Autonomy and AI in military vehicles
Earlier this year Colonel Gerald (Andy) Boston told us that AI and autonomy are key factors in the advances being made in the development of next-generation combat vehicles.
“The hypothesis that we’re working on is that we are going to be able to, in the future, deliver decisively on the battlefield, using robotic combat vehicles,” he said, acknowledging a lot of funding for R&D has and was being made available.
However, Boston said a human has to have the final say before critical decisions are made, such as to fire at a target. “I do think that increasing levels of autonomy and AI have a big role to play in the future,” he added.
“We look at it this way: artificial intelligence and autonomy should be used on combat vehicles in very discreet ways, based on the functions the vehicle is going to be performing. But the human has to be the one to make the decision – is the target showing hostile intent and is it legitimate? The human has to make the decision as to whether or not to engage. Once you make the decision to engage the machine can help you do that faster.”
As the US-British military exercise in April demonstrated, there is much to excite us about the use of unmanned ground vehicles, none more so than the ability to protect personnel from the dangers of conflict.
Often breach manoeuvres are some of the most dangerous operations during active conflict, with units coming under artillery fire from adversaries. However, being able to carry this out from a distance is a convincing argument for the use of robots in theatre, and it doesn’t stop there says Singer. “Protecting lives certainly seems good to me. But it is not just about that. It is also about providing better outcomes.”
Unmanned conflict in the future
Although the April exercise and others carried out by the likes of Russia and China, together and on their own, are significant, they don’t mean we’re getting close to Terminator-style scenarios – at least not any time soon.
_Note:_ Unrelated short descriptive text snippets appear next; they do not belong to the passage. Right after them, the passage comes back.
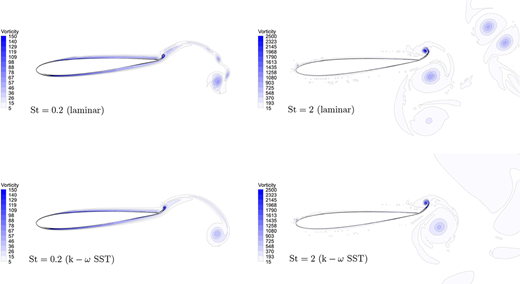 Figure 8. Refer to the image caption for details.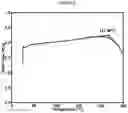 Fig. 06 - PROCESSES FOR PREPARING ASK1 INHIBITORS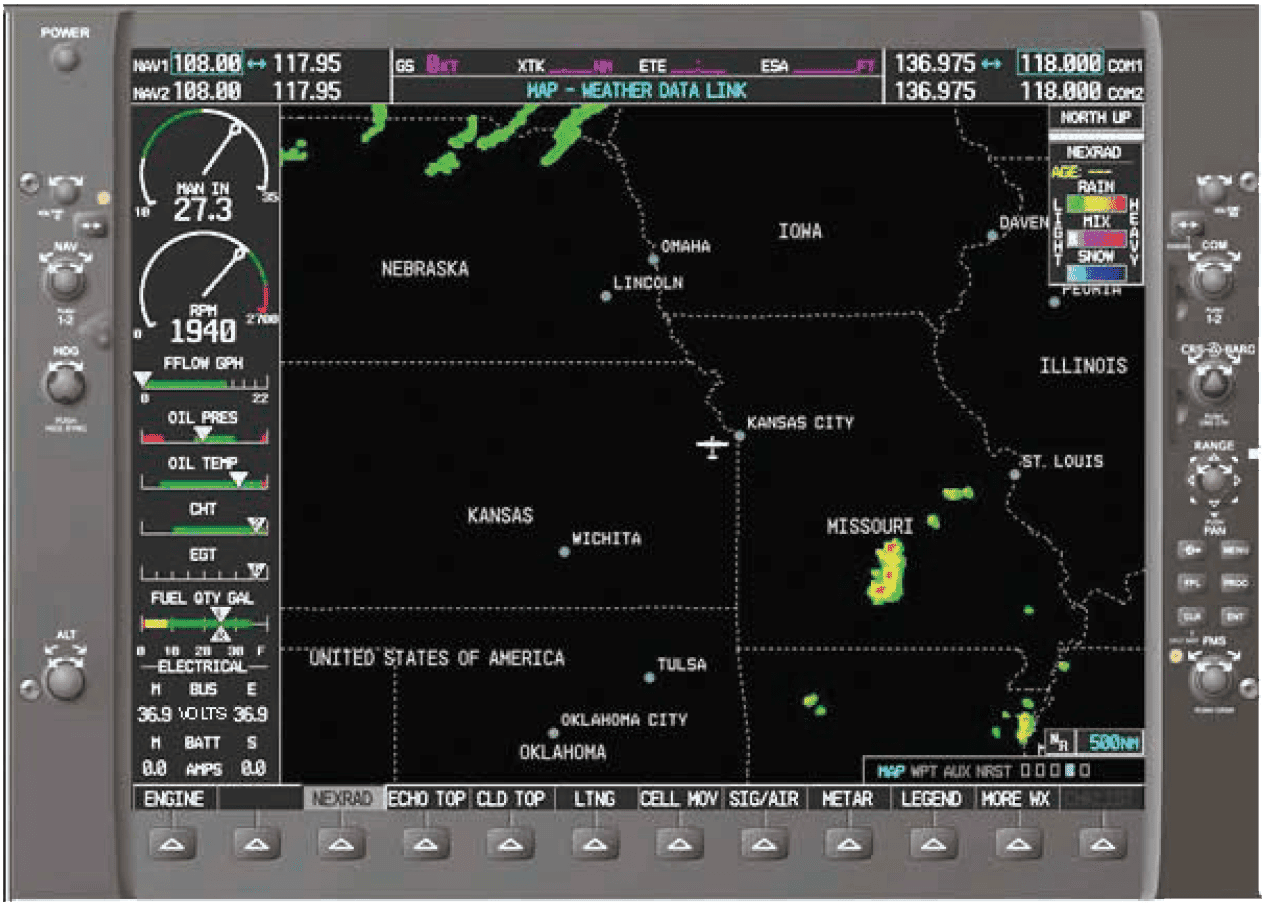 Electronic Flight Displays (EFD) /Multi-Function Display (MFD) Weather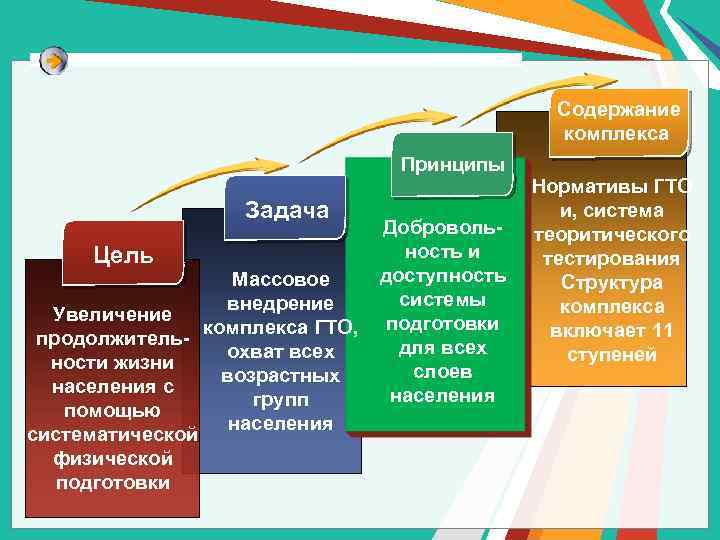 Операционная система принципы и задачи проект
“The challenges we still face involve everything from navigating complex environments to how to react to humans,” Singer says. “Things that are simple for us to sense and communicate are difficult for machines and vice versa.” He adds that in the future we will see more advanced, intelligent robots, but also in a wider variety of forms than just direct manned machine replacements.
Given the potential implications of getting robotic warfare wrong, Singer would prefer we test rather than just assume we’ve got it right.
“I would prefer we do far more of this kind of testing and learning, rather than thinking we know all that we need to know on acquisitions or doctrine,” he says. “The growing use of robotics and AI is akin to the introduction of the steam engine or the airplane. It is disruptive to everything from tactics to doctrine.” He warns that we may not be adjusting to this disruptive power quickly enough.
Wars of the future will likely be very different to those of yesteryear. Conflict, as deleterious as it is, is unfortunately inevitable. The question is not how we prevent it; it is how we make it as effective as possibly with the lowest possible cost – both in terms of finances and human lives.
Robotics and AI will not answer those questions alone, but they may go some way to helping us find them – if they’re used correctly, which is another matter entirely.